例证之二:乾嘉时期八旗满蒙的重要学者、文人法式善,其主盟诗坛三十年,使海内学者咸集于都,“一時坛坫之盛,几与仓山南北相望云。”学界对其的个案研究是最为典型的,然而学界更注重其诗文理论的研究,其《梧门诗话》《八旗诗话》多有人研究。对其诗文创作的研究尚处于草创阶段。《续修四库全书》《清代诗文集汇编》只收录其《存素堂诗初集录存》,收诗二千零三十七首;《存素堂诗二集》八卷,收嘉庆十二年(1808)至十七年(1812)间所作诗九百一十首;文收录其 《存素堂文集》《存素堂文续集》。国家图书馆所藏《存素堂续集录存》,其中诗人逝世那年(1813)元月至六月间的诗作五十六首;《诗龛诗稿》,收诗二百四十首,这两个集子却被漏收。
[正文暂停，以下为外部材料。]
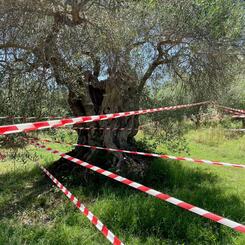 Olivastra Tree_installation.jpeg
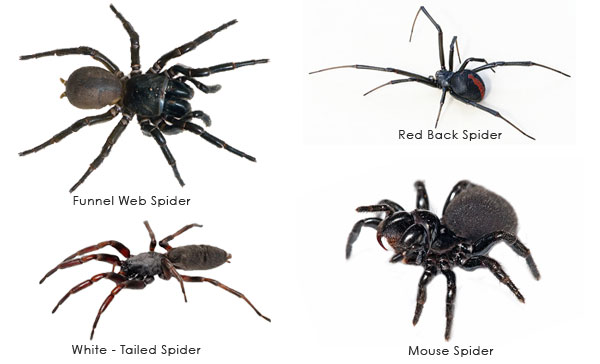 australian spiders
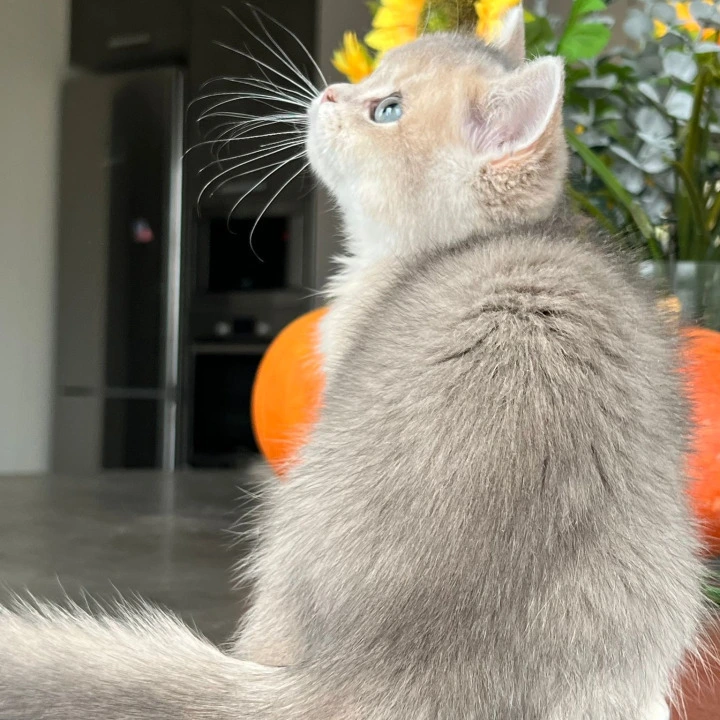 Martin British Shorthair Kittens | Kittens for sale. 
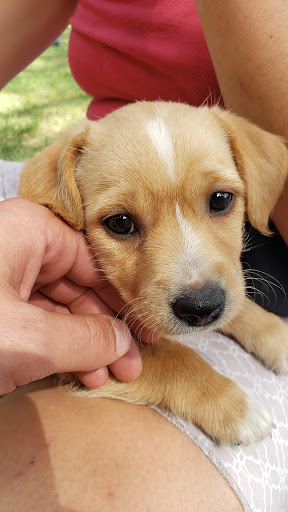 Park «Welles Park», reviews and photos, 2333 W Sunnyside Ave, Chicago, IL 60625, USA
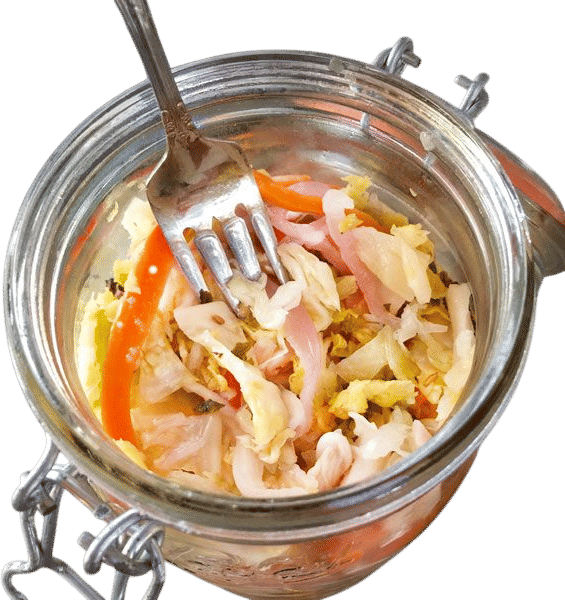 Fermented Curtido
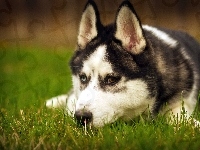 Siberian, Trawa, Husky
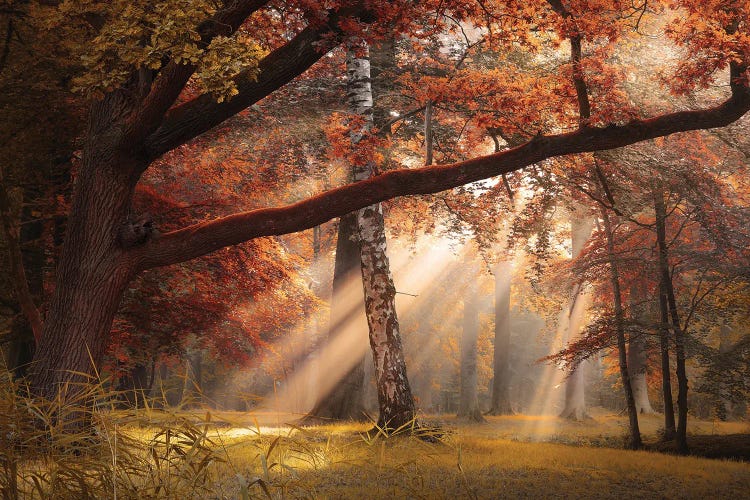Seasons Palette II by Rob Visser wall art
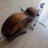 doublebass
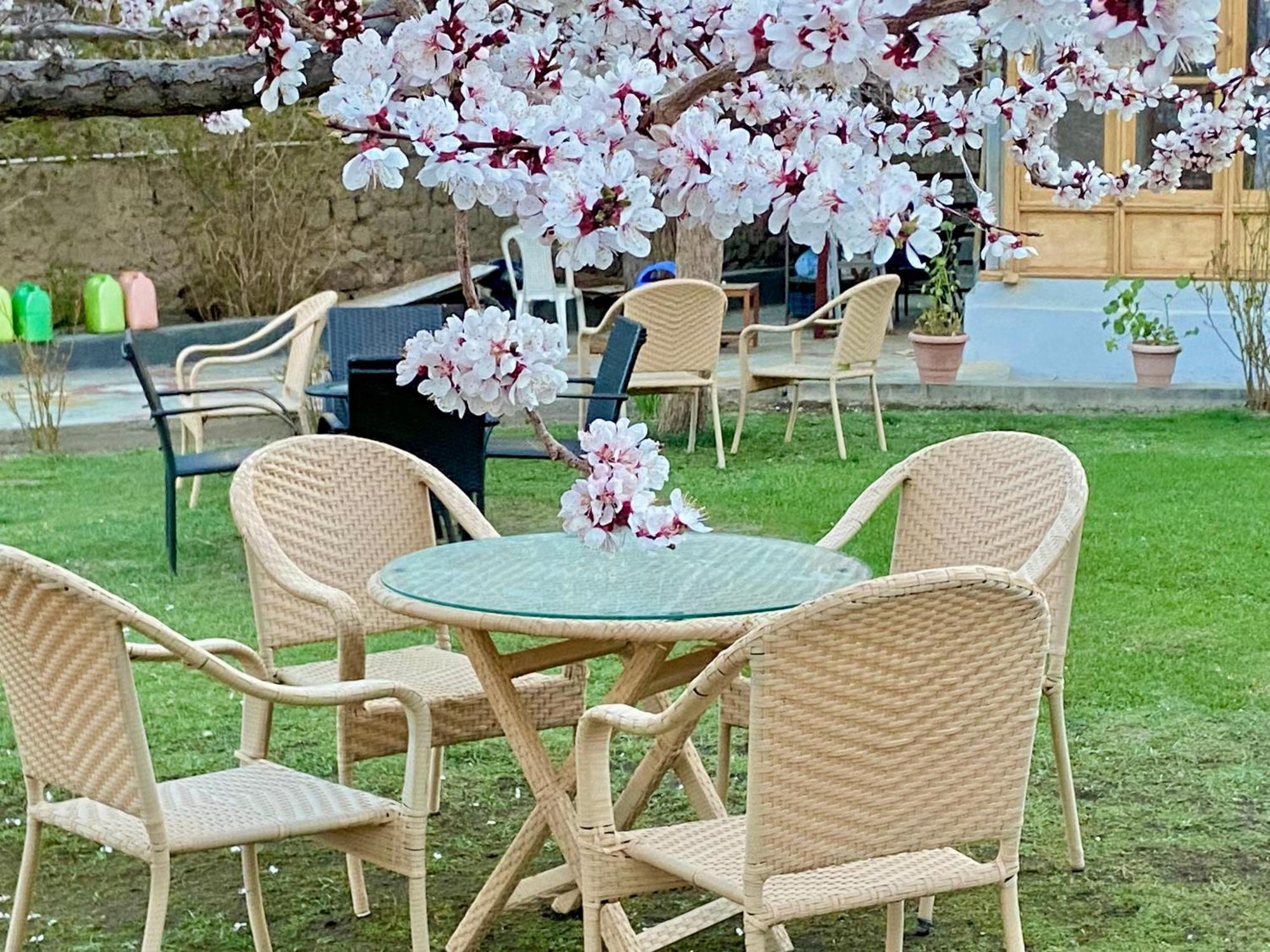 Hotel Palam Hills Leh Dış mekan fotoğraf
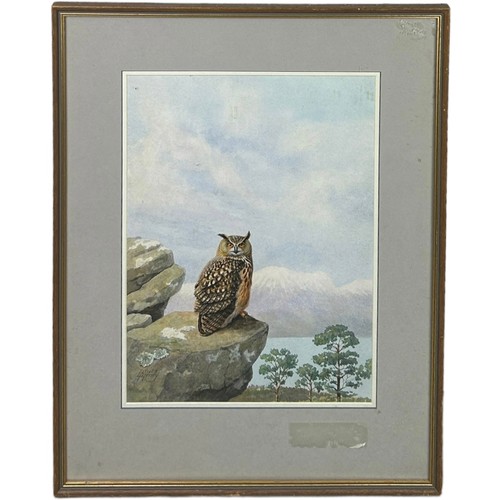 380 - BRUCE HENRY (BRITISH B.1918) EUROPEAN EAGLE OWL, 

Signed 'Bruce Henry', dated 1984. Pencil and wate... 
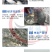 鲫鱼苗中科五号湘云鲫，异育银鲫全国包活发货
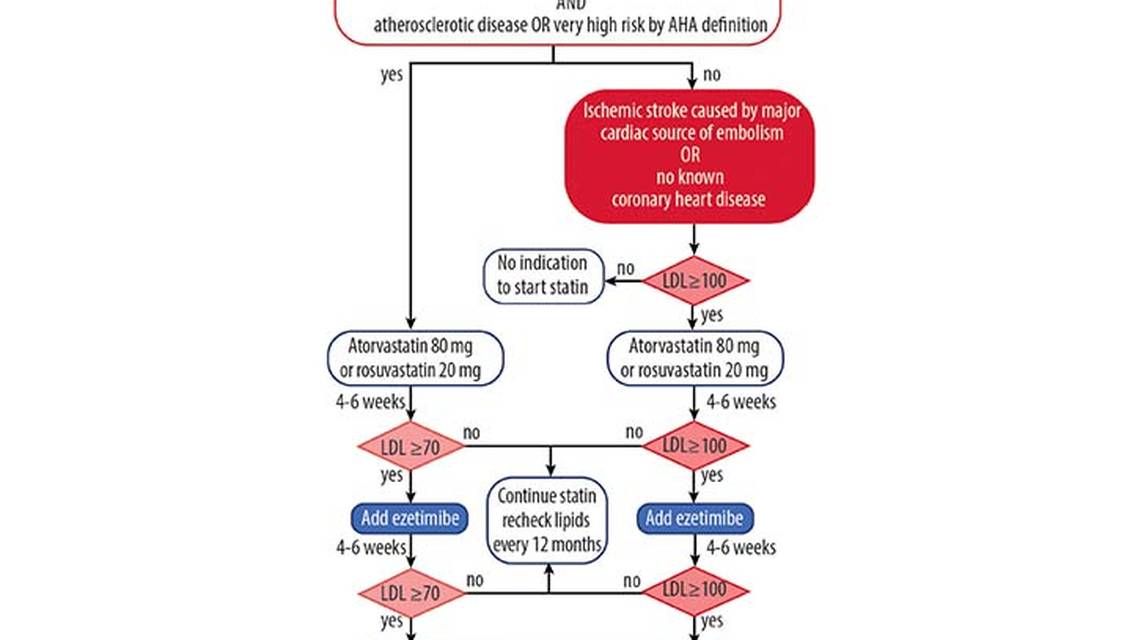 Lipid Management and Smoking Cessation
例证之三:乾嘉时期蒙古封疆大吏和瑛,今存两部诗集,其一是《太庵诗稿》,今存写本两种:一为吴兴刘承幹嘉业堂藏嘉庆十五年手稿本,不分卷,诗编年,录甲寅至丁巳、丙午至丁未、壬子至癸丑等诗,复旦大学图书馆藏,《贩书偶记续编》著录此本,惜虫损严重,亟待修复;一为《太庵诗草》不分卷,三册,是集为和瑛手定稿本,甚为珍贵,起记于乾隆五十一年丙午(1786),止于嘉庆二年丁巳(1797),与《易简斋诗钞》著录诗歌的起始時间相同,计收诗五百三十八首,每首诗题之下,有诗人朱笔行楷批点注释,可知为诗人手定稿本。主要记作者与友人唱和及戎马生涯感怀之作,内容涉及四川、陕西、西藏等地,广东省立中山图书馆藏。其二是四卷本《易简斋诗钞》,是集收其乾隆五十一年至道光元年诗五百七十六首。今有国家图书馆、复旦大学图书馆藏本,两者皆是清道光三年刻本,线装,黑口、四周、双边、单鱼尾,一函两册,行款九行,行十八字,小字双行三十二字,卷首有其侄吴慈鹤(兰雪)序言一篇,序后有目录,分四卷,卷一收诗一百五十三首;卷二收诗一百七十七首;卷三收诗一百二十九首;卷四收诗一百一十七首,计五百七十六首,诗以《春分前一日雪》终,末尾题男奎昌、壁昌校字。《易简斋诗钞》按内容分,可以分为四大类,其一是纪游之作,共三百余題;其二是咏物之作;其三是与友人的酬唱和赠答诗,约五十余题;最后是咏史诗,约三十余题。《太庵诗草》与《易简斋诗钞》中有一百零三首重合诗作,重合的多为其乾隆间于四川、西藏等地的戎马生涯,虽内容相同但是个别字句,亦有差别。《太庵诗草》是作者的手稿本。晚近诸多研究和瑛的专家们的论文及专著,都只是从容易查阅的《易简斋诗钞》入手,对《太庵诗草》中所收诗歌只字未提,这对全面研究一位诗人是非常不够的(《续修四库全书》仅收入《易简斋诗钞》)。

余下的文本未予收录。